- Provided information -
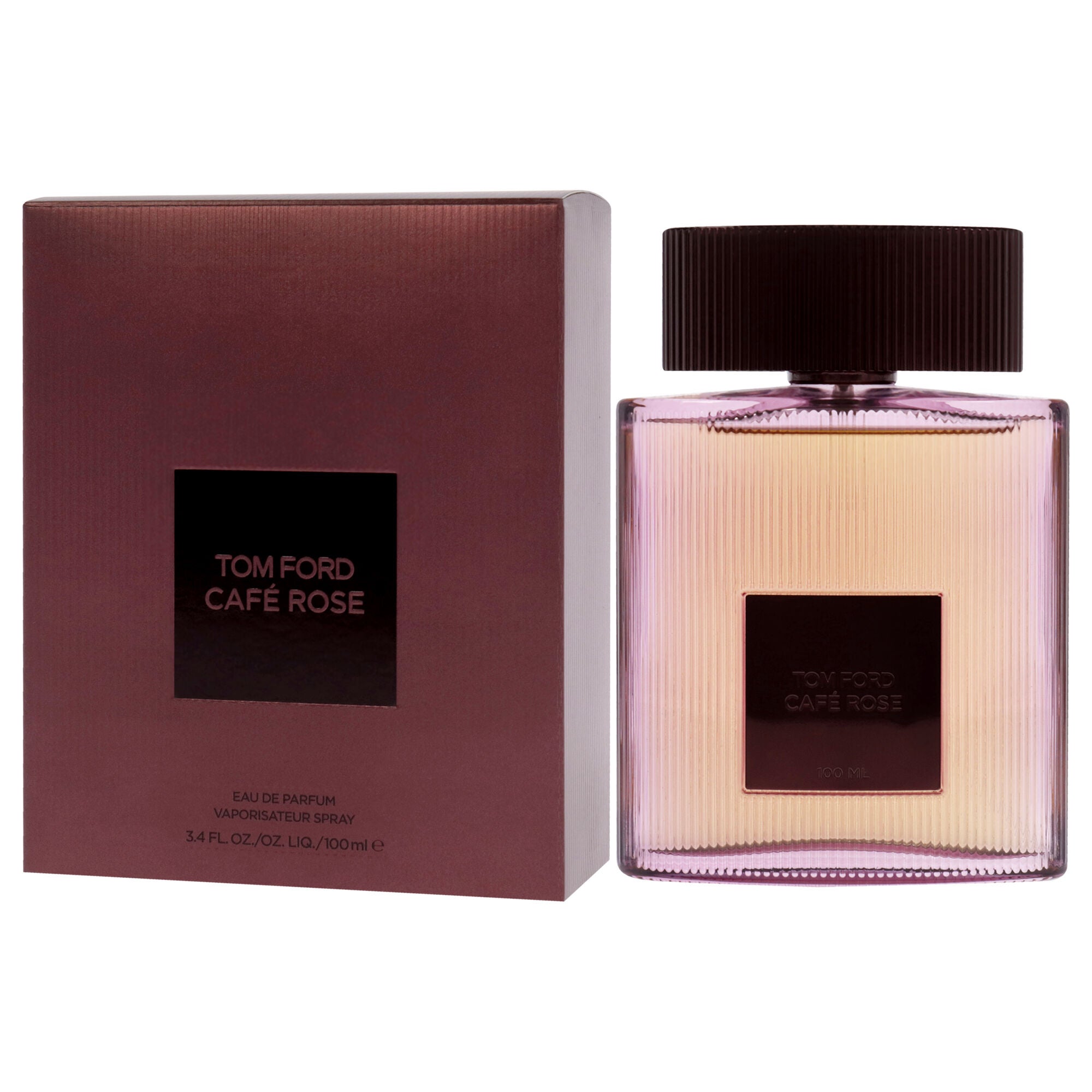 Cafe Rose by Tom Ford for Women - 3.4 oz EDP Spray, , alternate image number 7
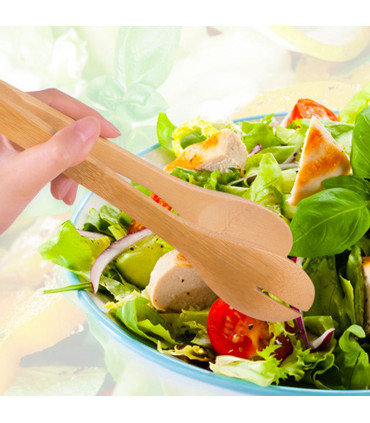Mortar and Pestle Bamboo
* * *
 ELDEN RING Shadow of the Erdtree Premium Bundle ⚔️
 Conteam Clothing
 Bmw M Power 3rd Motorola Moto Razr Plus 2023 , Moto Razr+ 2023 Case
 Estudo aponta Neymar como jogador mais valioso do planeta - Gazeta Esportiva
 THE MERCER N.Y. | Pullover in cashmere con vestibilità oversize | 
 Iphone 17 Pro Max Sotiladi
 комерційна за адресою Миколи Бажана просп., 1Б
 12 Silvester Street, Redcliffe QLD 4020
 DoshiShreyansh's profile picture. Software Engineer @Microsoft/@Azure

- Work instruction -
Everything above from the line that has "Cafe Rose by" down to the line that has "Mortar and Pestle Bamboo" should be output exactly, with both of those lines included. Leave the pictures behind.

- The completed task -
 Cafe Rose by Tom Ford for Women - 3.4 oz EDP Spray, , alternate image number 7
Mortar and Pestle Bamboo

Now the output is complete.